Notwithstanding any judgment, decree or order of any court—
(a) (i) no appointment of any person already in the Judicial service of a State or of any person who has been for not less than seven years an advocate or a pleader, to be a district judge in that State, and
(ii) no posting, promotion or transfer of any such person as a district judge, made at any time before the commencement of the Constitution (Twentieth Amendment) Act, 1966, otherwise that in accordance with the provisions of article 233 or article 235 shall be deemed to be illegal or void or ever to have become illegal or void by reason only of the fact that such appointment, posting, promotion or transfer was not made in accordance with the said provisions;
(b) no jurisdiction exercised, no judgment, decree, sentence or order passed or made, and no other act or proceeding done or taken, before the commencement of the Constitution (Twentieth Amendment) Act, 1966 by, or before, any person appointed, posted, promoted or transferred as a district judge in any State otherwise than in accordance with the provisions of article 233 or article 235 shall be deemed to be illegal or invalid or ever to have become illegal or invalid by reason only of the fact that such appointment, posting, promotion or transfer was not made in accordance with the said provisions."

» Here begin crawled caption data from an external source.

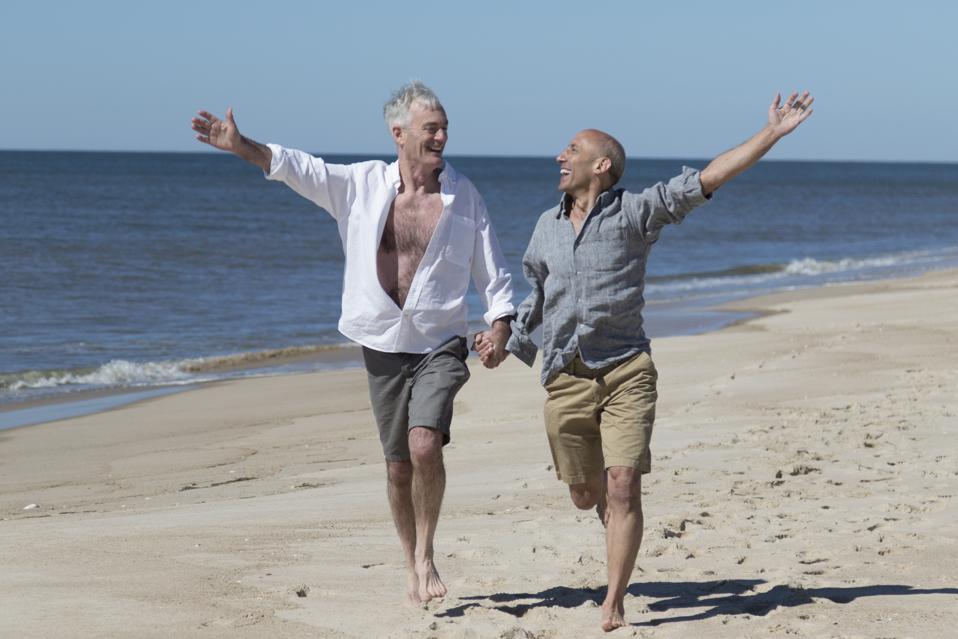Pareja gay senior tomados de la mano y corriendo con alegría en la playa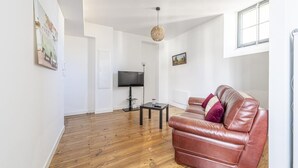 A spacious living room with a wooden floor, a leather sofa, a television, and a hanging light fixture. - Cœur de Pau - Parking included - L'Étoile (Pau)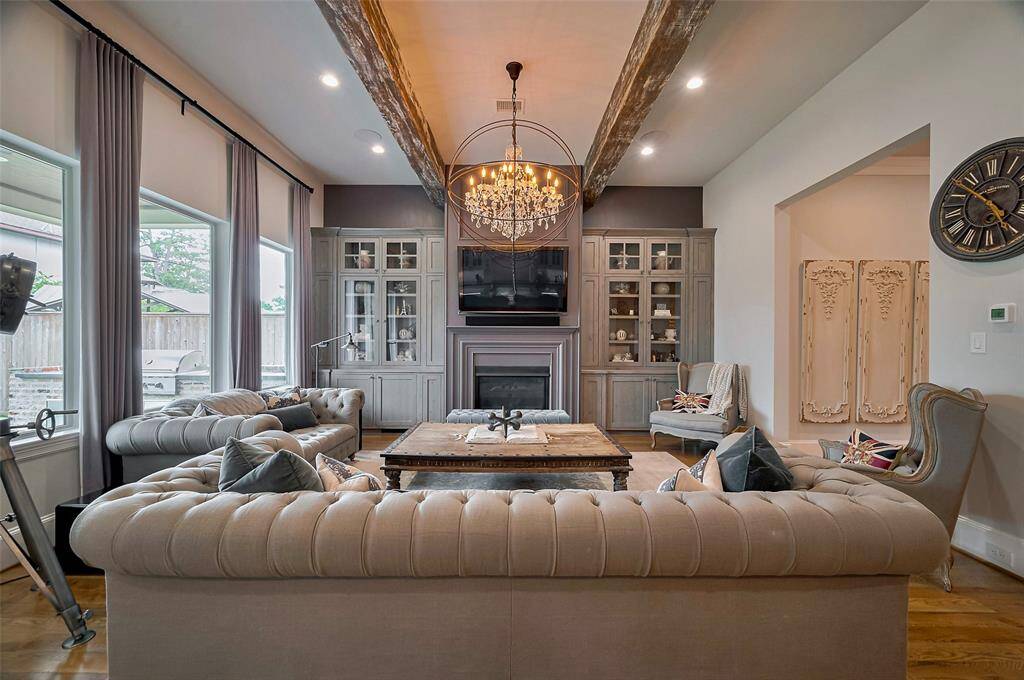 1906 Althea Dr. Designed for both comfort and style, this living room features soaring ceilings and rich architectural details that make a lasting impression. A sleek gas fireplace anchors the space, complemented by custom built-ins that offer elegance and functionality. Natural light pours in through oversized windows, highlighting the refined finishes and inviting atmosphere. It’s the perfect setting for relaxed evenings or upscale entertaining.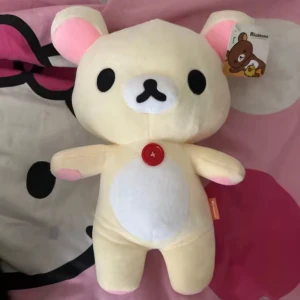 Sista dagen fri frakt! Kramdjur Korilakkuma från Rilakkuma - Säljer ett gulligt kramdjur föreställande Kiiroitori från Rilakkuma-serien. Den är ljusbeige med vita detaljer och har en röd knapp på magen. Perfekt för alla som älskar söta och mjuka gosedjur! 🐻 Ny! Mått ca 27cm.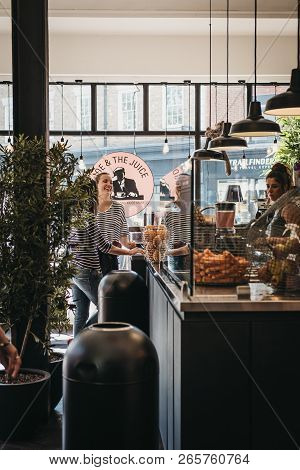 London, Uk - August 1, 2018; People Inside Joe & The Juice Cafe In Richmond, London. Joe & The Juice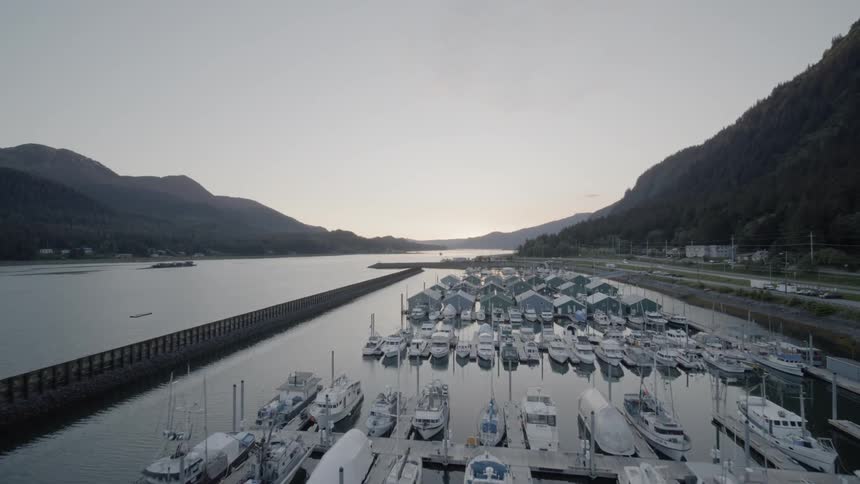 Boats and yachts sit docked in a harbor near the mountains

==Proposal and enactment==
The Constitution (Twentieth Amendment) Act, 1966 was introduced in the Lok Sabha on 25 November 1966, as the Constitution (Twenty-third Amendment) Bill, 1966 (Bill No. 89 of 1966). It was introduced by Yashwantrao Chavan, then Minister of Home Affairs, and sought to insert a new article 233A in the Constitution. The full text of the Statement of Objects and Reasons appended to the bill is given below:

Appointment of district judges in Uttar Pradesh and a few other States have been rendered invalid and illegal by a recent judgment of the Supreme Court on the ground that such appointments were not made in accordance with the provisions of article 233 of the Constitution. In another judgment, the Supreme Court had held that the power of posting of a district judge under article 233 does not include the power of transfer of such judge from one station to another and that the power of transfer of a district judge is vested in the High Court under article 235 of the Constitution. As a result of these judgments, a serious situation has arisen because doubt has been thrown on the validity of the judgments, decrees, orders and sentences passed or made by these district judges and a number of writ petitions and other cases have already been filed challenging their validity. The functioning of the district courts in Uttar Pradesh has practically come to a standstill. It is, therefore, urgently necessary to validate the judgments, decrees, orders and sentences passed or made heretofore by all such district judges in those States and also to validate the appointment, posting, promotion and transfer of such district judges barring those few who were not eligible for appointment under article 233.

2. The Bill seeks to give effect to the above proposals.
— Y.B. Chavan, "The Constitution (Twenty-third Amendment) Bill, 1966"

The Bill was debated and passed by the Lok Sabha on 3 December 1966, with only formal amendments to replace the word "Twenty third" by the word "Twentieth" in the short title as well as in the proposed new article 233A. The Bill was considered and passed by the Rajya Sabha on 9 December 1966. The bill received assent from then President Zakir Husain on 22 December 1966, and came into force on the same date. It was notified in The Gazette of India on 23 December 1966.